When officials in Denver started drafting a strategic traffic plan a few years back, they concluded that the city no longer had the money to expand its roads to meet the surging demands. They would have to make do with what they had.
Denver's planners created a board game, Right of Way, that was scaled to the city's streets. It had cards that symbolized lanes for travel, parking, buses, bikes, mixed use, and medians. There were too many cards for the available space, so officials gathered community representatives to debate which sorts of lanes mattered most. To everyone's surprise, the group worked out an agreement, one that the city council pretty much ratified. "In the absence of additional benefits, it's all about trade-offs," said Gideon Berger, who headed the Denver project.
Doomsayers' warnings that China will overtake the United States in economic strength because of its snazzier airports and trains are surely overblown. But we shouldn't minimize the task that our elderly infrastructure presents. Highways and bridges will need $2.5 trillion in upgrades if they are to survive for another 50 years -- a must-do to keep commerce thriving. And that figure doesn't even take into account the airports, railroads, subways, sewage-treatment plants, waterworks, levees, electric grids, pipelines, and all of those other expensive systems that people ignore until they break down.
So, who's gonna pay? Don't count on Washington, where cut, cut, cut is the order of the day.
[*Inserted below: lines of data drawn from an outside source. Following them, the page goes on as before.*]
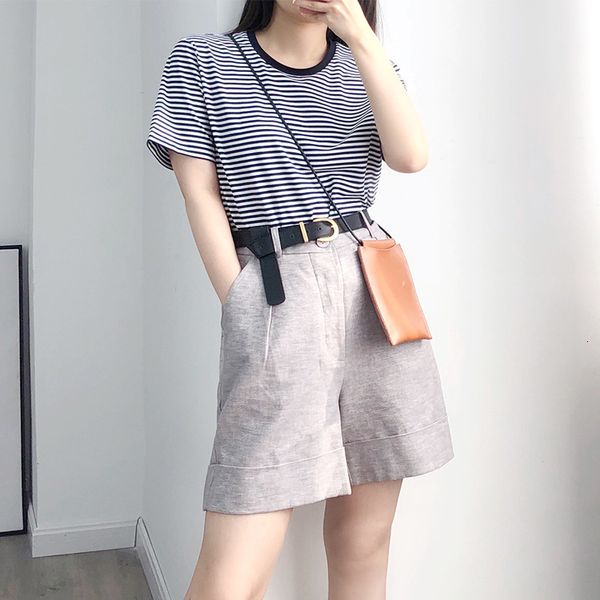 2021 new vero camiseta listrado manga curta o pescoo casual simples feminino t s2gu, White
2021 new vero camiseta listrado manga curta o pescoo casual simples feminino t s2gu, White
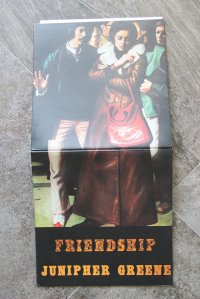 JUNIPHER GREENE * REISSUE 2007 * TOP CONDITION!!!! JUNIPHER GREENE * REISSUE 2007 * TOP CONDITION!!!!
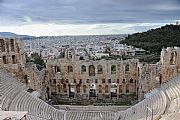 Acropolis de Atenas, Atenas, Grecia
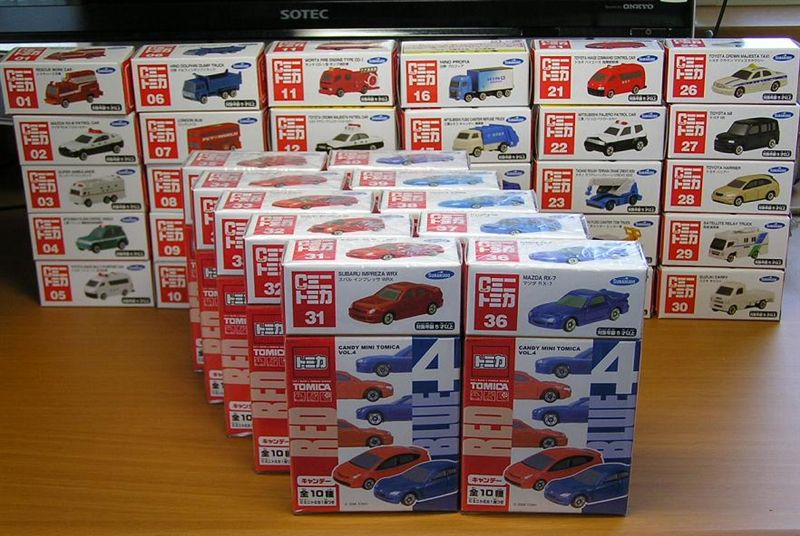 こんなトミカも… （；ﾟ∀ﾟ）｜兄貴（＾ω＾）のブログ｜デリカと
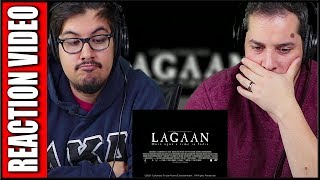 Lagaan Official Trailer Reaction Video  Aamir Khan  Mansoor Khan  Review  Discussion [upl. by Gem]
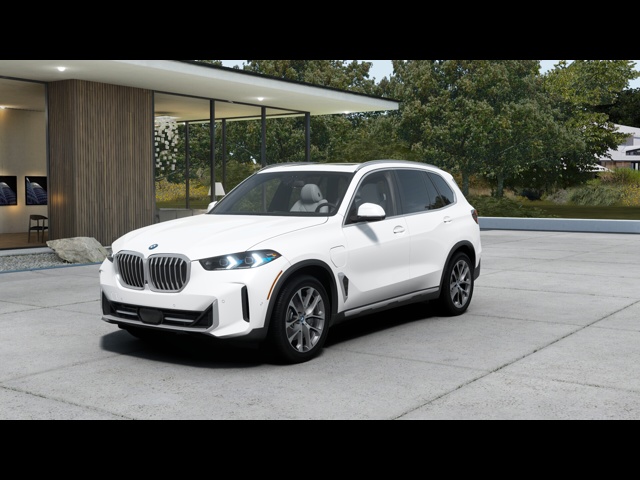 2025 BMW X5 xDrive50e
The 41,000-mile interstate highway system, which bound the nation into a single market with an investment of $130 billion, will cost twice that much in upkeep over the next five years. After two years of wrangling, Congress cobbled together only half a highway bill, authorizing just $104 billion -- less per year than a longer version and insufficient to cover modern improvements. The era of the massive federal public works project is over.
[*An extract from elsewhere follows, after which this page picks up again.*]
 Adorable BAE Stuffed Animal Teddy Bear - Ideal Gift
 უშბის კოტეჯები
If Washington is broke, then what? State governments, which kick in one-tenth of the costs (to the feds' one-fourth) for roads, have also suffered from the sagging economy. The private sector could step in--and to a minor extent, already has -- but that requires an intimate but complicated cooperation between municipalities, investors, and federal overseers.
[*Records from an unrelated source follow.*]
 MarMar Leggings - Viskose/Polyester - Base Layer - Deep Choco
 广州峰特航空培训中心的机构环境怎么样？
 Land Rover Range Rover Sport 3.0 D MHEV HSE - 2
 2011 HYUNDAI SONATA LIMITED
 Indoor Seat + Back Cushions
More and more, the burden is devolving onto the level of government closest to the potholes. Roads, railways, gas pipelines, water pipes, electric grids, and even Internet access will increasingly rely on individual communities' choices and resources. In Lower Manhattan or along the Brooklyn waterfront, it'll be up to New York City to protect against another disastrous hit to the city's economy like that wrought by superstorm Sandy. Absent federal money to build the levees, Mayor Michael Bloomberg will need to find the funding elsewhere. Fuhgettaboutit.
More likely, the story of infra-structure for the foreseeable future can be found in Denver. As metropolises become ever-bigger economic hubs, city planners will look for better options for moving people from place to place or risk losing critical investment from local businesses. No longer will officials talk only about adding infrastructure but will also broaden the discussion to include other options -- mass transit or bike lanes, say. The idea is to get people out of their cars, without resorting to the dictatorial, London-style option of charging drivers to enter the city -- which Bloomberg once proposed, to Bronx cheers.
Let's not forget another source of funds: user fees, more palatable than direct taxes. The Capitol Beltway in Northern Virginia recently introduced toll lanes -- privately funded, mostly -- that, for a guaranteed 45 mph speed, electronically charge drivers a levy that varies with traffic volume. If governments are strapped, who's the last patsy standing? You are.